2.5.2022; RAV-Stellungnahme

Dem RAV wurde Gelegenheit eingeräumt, zum Entwurf eines Dritten Gesetzes zur Änderung personenstandsrechtlicher Vorschriften (3.  PStRÄndG) beim Bundesministerium des Innern und für Heimat schriftlich eine Stellungnahme einzureichen.

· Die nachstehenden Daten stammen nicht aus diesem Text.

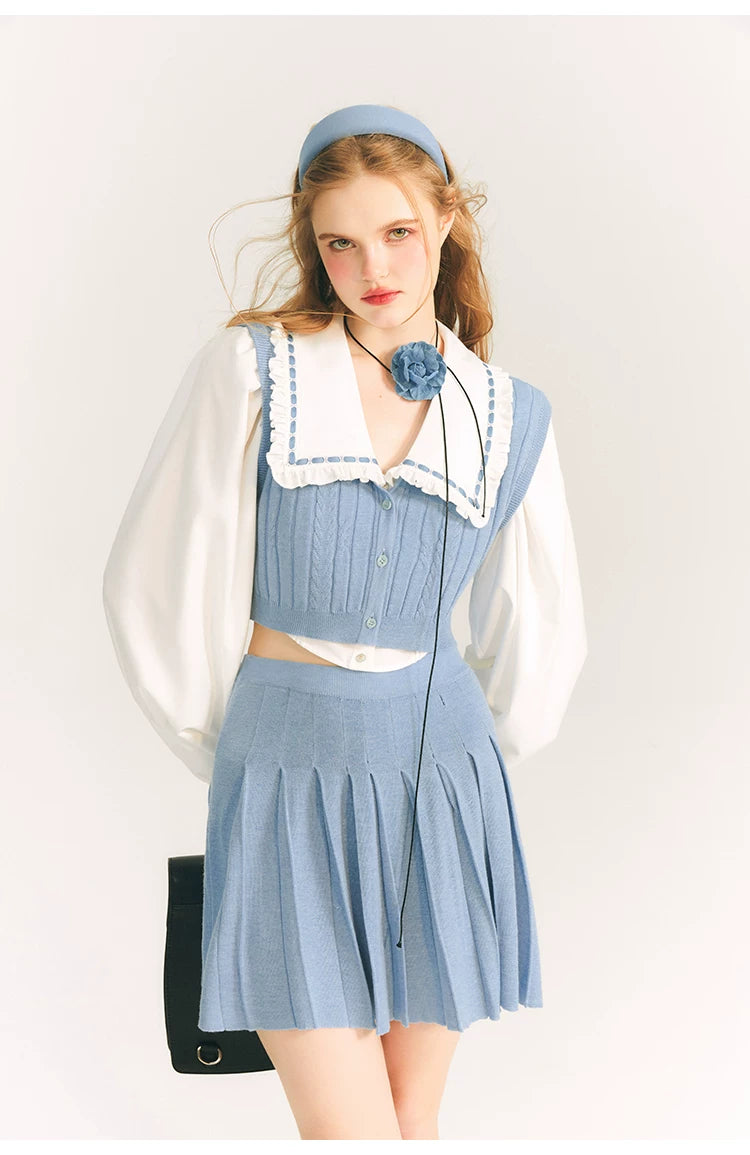 Button Knit Vest & Knit Pleated Skirt Setup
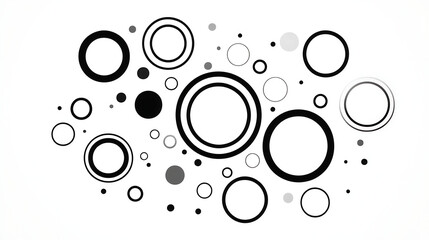 Poster - Abstract Geometric Composition of Circles Black White and Shades of Gray Design Backdrop Graphics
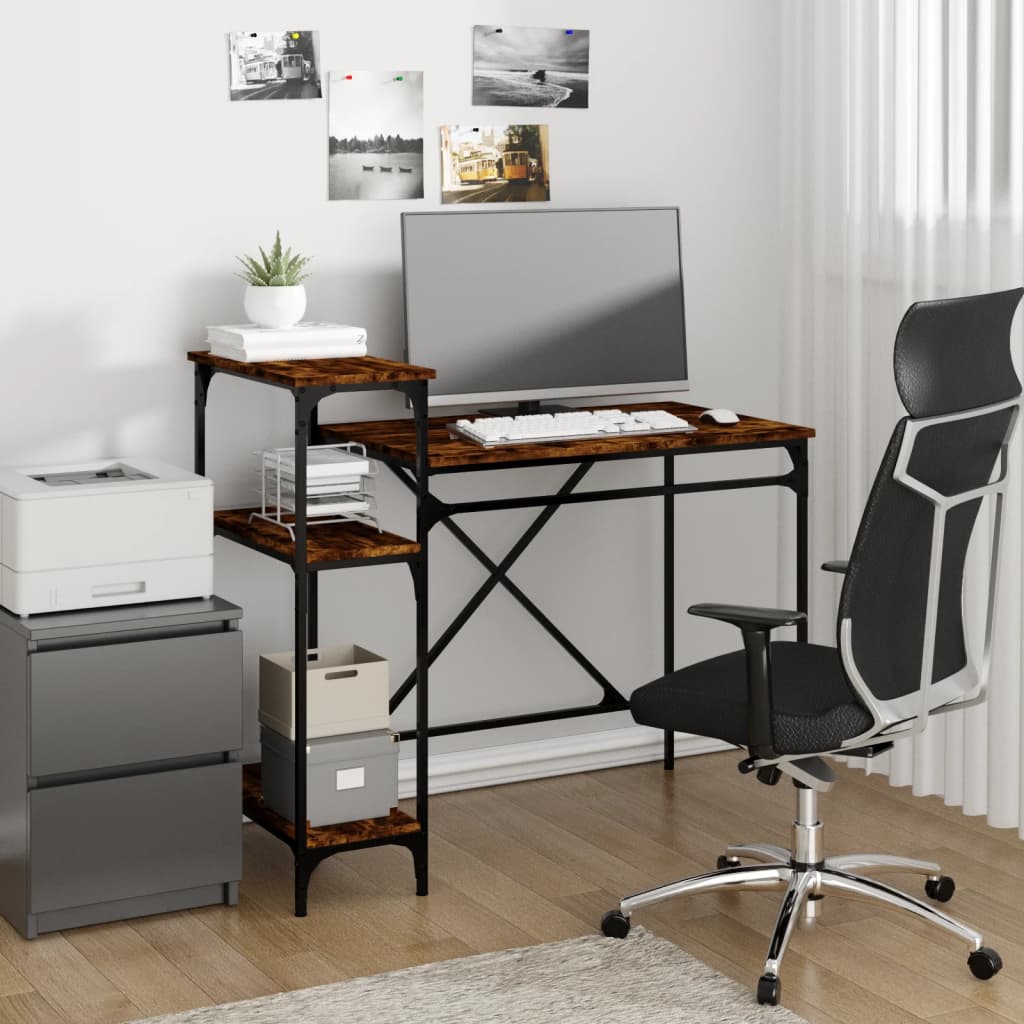 Desk with Shelves Engineered Wood&Iron Smoked oak 105 x 50 x 90 cm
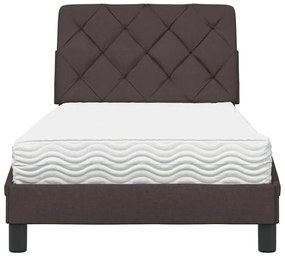 sötétbarna szövet ágy matraccal 80x200 cm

Der Gesetzesentwurf findet sich hier: https://www.bmi.bund.de/SharedDocs/gesetzgebungsverfahren/DE/Downloads/referentenentwuerfe/3-PStRaendG.html

Folgende Stellungnahme, verfasst von RA und Notar Dirk Siegfried aus Berlin, ist vom RAV beim BMI eingereicht worden:

  1. § 9 Abs. 1 PStG-E

Es ist bereits unklar, ob diese Regelung nur für die Erklärungen gelten soll, die beim Standesamt beurkundet oder beglaubigt werden, oder auch für die Einreichung von Erklärungen, die bereits bei einer anderen zuständigen Stelle beurkundet oder beglaubigt wurden. (Die Begründung scheint eher für die zweite Auffassung zu sprechen.) Jedenfalls aber ist sie überflüssig: Bei den Beurkundungen und Beglaubigungen, die beim Standesamt selbst erfolgen, ergibt sich die Notwendigkeit der persönlichen Vorsprache aus allgemeinem Beurkundungsrecht. Bei Beurkundungen und Beglaubigungen, die bereits bei einer anderen Stelle erfolgt sind, gibt es keinen rechtfertigenden Grund für die Einführung einer verpflichtenden Vorsprache zur Einreichung dieser Erklärungen. Eine solche Pflicht belastet die Anzeigenden und die Standesämter zusätzlich statt sie – dem Gesetzeszweck entsprechend – zu entlasten. Der auf Seite 70 des Entwurfes geäußerte Generalverdacht gegen Eltern von Kindern „ausländischer Herkunft“ entbehrt jeglicher empirischen Grundlage und ist zurückzuweisen. Es ist auch nicht erkennbar, inwiefern die Einführung einer verpflichtenden Vorsprache zur Einreichung bereits beurkundeter oder beglaubigter Erklärungen einer etwaigen Erhöhung der „Zahl missbräuchlicher Erklärungen“ entgegenwirken sollte.

  1. § 10 Abs. 1 PStG-E

Auch die Verschärfung von § 10 Abs. 1 PStG belastet die Anzeigenden und die Standesämter zusätzlich und ist mit dem Gesetzeszweck der Vereinfachung der Verfahren nicht zu vereinbaren. Die Entwurfsbegründung auf Seite 70 unten verkennt, dass die Anzeigenden, soweit das Standesamt die erforderlichen Daten „aus anderen Registern elektronisch abrufen kann“, nach § 10 Abs. 1 und 3 PStG in der aktuellen Fassung von Angaben bzw. Nachwiesen befreit wären. Diese Befreiung nun in das Ermessen des Standesamts zu stellen, belastet die Anzeigenden mit unnötigen Angaben bzw. Nachweisen und die Standesämter mit der Ermessensentscheidung und deren Rechtfertigung.

  1. § 12 Abs. 4 PStG-E

Die Neuregelung soll die Standesämter zur Anhörung und Beratung verpflichten und die Eheschließenden zu einem persönlichen Gespräch. Beides ist überflüssig. Die Standesämter sind ohnehin zur Beratung verpflichtet und kommen dem in aller Regel auch nach. Es gibt keinerlei Grund zur Annahme, dass sie diese Verpflichtung ausgerechnet bei den drei in § 12 Abs. 4 PStG-E genannten Fragen so eklatant vernachlässigt hätten, dass es nötig wäre, sie bei diesen Fragen nochmals ausdrücklich in die Pflicht zu nehmen.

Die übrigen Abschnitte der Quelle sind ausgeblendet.